Ron and Gail are new friends and, as we began to prep the meal, Ron poured some of that 95 point fine wine and we all helped ourselves to cheese and crackers. The idea to cook together was Gail’s and, after thinking about it for a moment, I realized that it’s really a perfect way to get to know people… especially ones who like to cook, because I get to sample everything as it comes off the stove or out of the oven.
As we made a simple appetizer of cream cheese topped with cocktail sauce and shrimp, we did just that. We dove in as we talked, chopped and diced, spiced and blended, and as a result, some of our pasts were blended and shared like the sauces we were cooking.
The first course was a lemony asparagus soup which simmered as Richard and his sous chefs, Gail and Eleanor, made the main course of halibut w/ citrus couscous, red onion marmalade and cilantro-almond sauce. We didn’t dance around the kitchen as they did in “The Big Chill,” but we all bonded over fresh asparagus and cilantro.
- 1/4 cup fresh orange juice
- 1/4 cup port or other sweet red wine
- 2 tablespoons sugar
- 2 tablespoons red wine vinegar
- 1 cup vertically sliced red onion
- 1 teaspoon grated orange rind
- 1/8 teaspoon salt
- Dash of black pepper
- 1 1/2 cups chopped fresh cilantro
- 1/2 cup sliced almonds, toasted
- 1/4 cup finely chopped seeded jalapeño pepper (about 2 large)
- 1/4 cup fresh lime juice
- 3 tablespoons water
- 2 tablespoons honey
- 1 teaspoon ground cumin
- 1/4 teaspoon salt
- 1/8 teaspoon black pepper
- 2 garlic cloves, peeled
- 3/4 cup water
- 1/4 teaspoon grated lemon rind
- 1/4 teaspoon grated orange rind
- 2 tablespoons fresh lemon juice
- 2 tablespoons fresh orange juice
- 1 teaspoon chile paste
- 1/4 teaspoon salt
- 1/4 teaspoon curry powder
- 1/4 teaspoon black pepper
- 2 garlic cloves, minced
- 1 cup uncooked couscous
- 1 tablespoon curry powder
- 1/2 teaspoon salt
- 4 (6-ounce) skinned halibut fillets (about 1 inch thick)
- Cooking spray
- 2 cups gourmet salad greens
- To prepare marmalade, combine first 4 ingredients in a small nonaluminum saucepan. Bring to a boil; cook until reduced to 1/2 cup (about 5 minutes). Add onion and 1 teaspoon orange rind; cook 5 minutes. Sprinkle with 1/8 teaspoon salt and dash of black pepper; set aside.
- To prepare sauce, combine cilantro and next 9 ingredients (cilantro through peeled garlic) in a blender or food processor; process until smooth.

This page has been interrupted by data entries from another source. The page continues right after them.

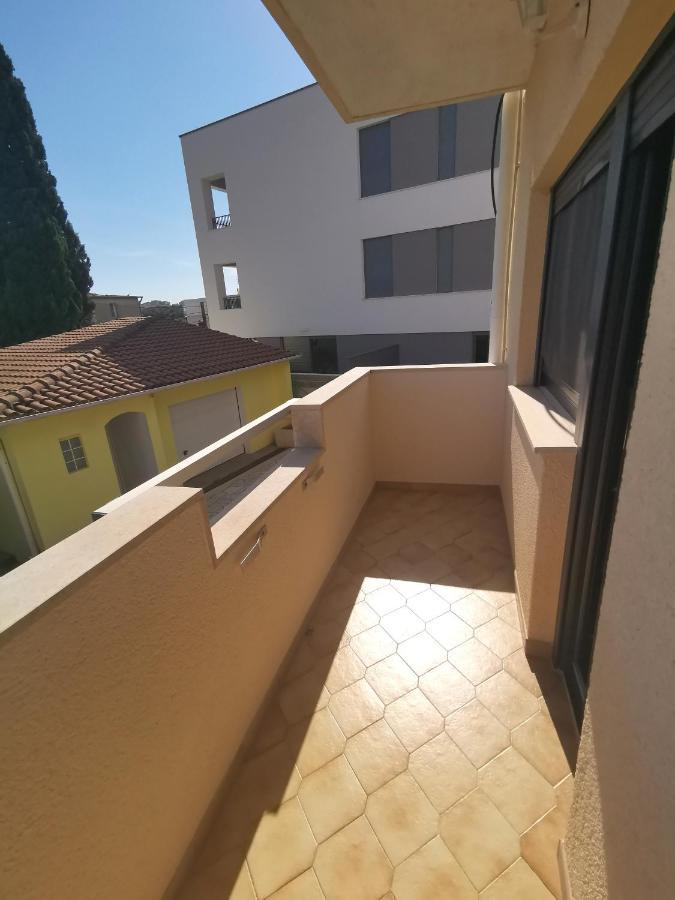 Apartment Pineta With Terrace & Park Wood View Пула Екстериор снимка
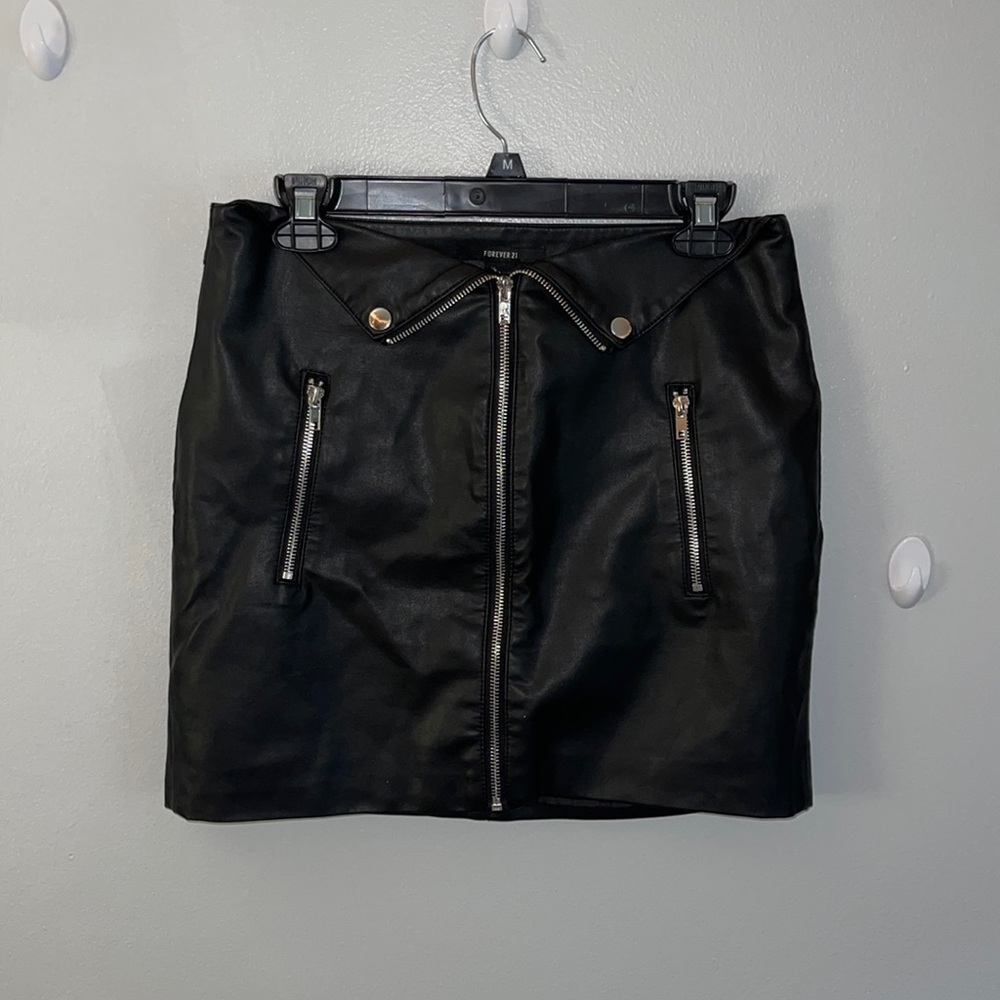 Leather skirt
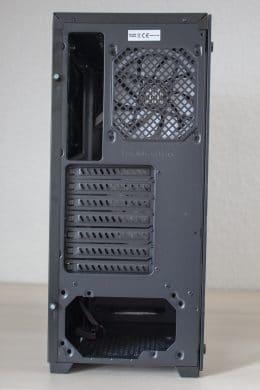 Kolink Horizon RGB : une tour midi spacieuse avec beaucoup de verre et RVB examinée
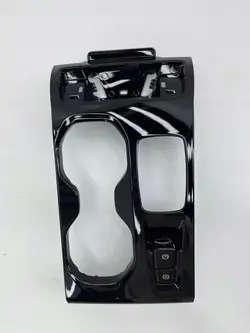 Vasen kiinnike Volvo XC40 OEM 31469013 Käytetty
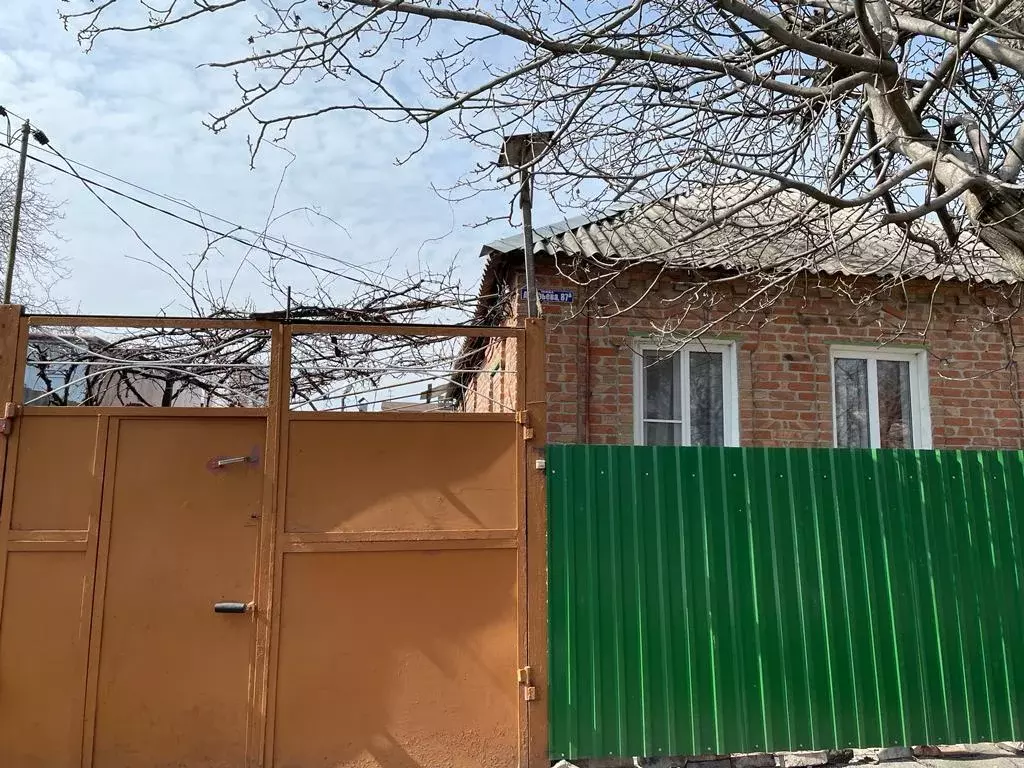 Продаю дом в общем дворе на 2 поселке Орджоникидзе в Ростове-на-Дону - Фото 0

- To prepare couscous, bring 3/4 cup water and next 9 ingredients (water though minced garlic) to a boil in a medium saucepan; gradually stir in couscous. Remove from heat; cover and let stand for 5 minutes. Fluff with a fork.
- To prepare the halibut, combine curry and 1/2 teaspoon salt. Rub the fillets with curry mixture. Lightly coat with cooking spray. Heat a large nonstick skillet over medium-high heat until hot. Add fillets, and sauté 4 minutes on each side or until fish flakes easily when tested with a fork. Place 1/2 cup salad greens on each of 4 plates, and top each serving with 1 cup couscous. Arrange fillets on top of couscous, and top with 2 tablespoons marmalade. Spoon 1/4 cup sauce around plate.
Chef Greg Higgins, Higgins Restaurant and Bar, Portland, Oregon, Cooking Light
Around the candlelit dining room table, Gail and Ron, Eleanor and Tom, and Richard and I continued to sip wine and share stories about ourselves as we proudly shared the meal we prepared.
Then it was time for dessert. A dreamy traditional cheesecake smothered in blueberries that Gail had made the day before… the perfect dish to end a fun and delicious way to spend an evening with new or old friends.
This is what children of the '60s do as they enter their '60s!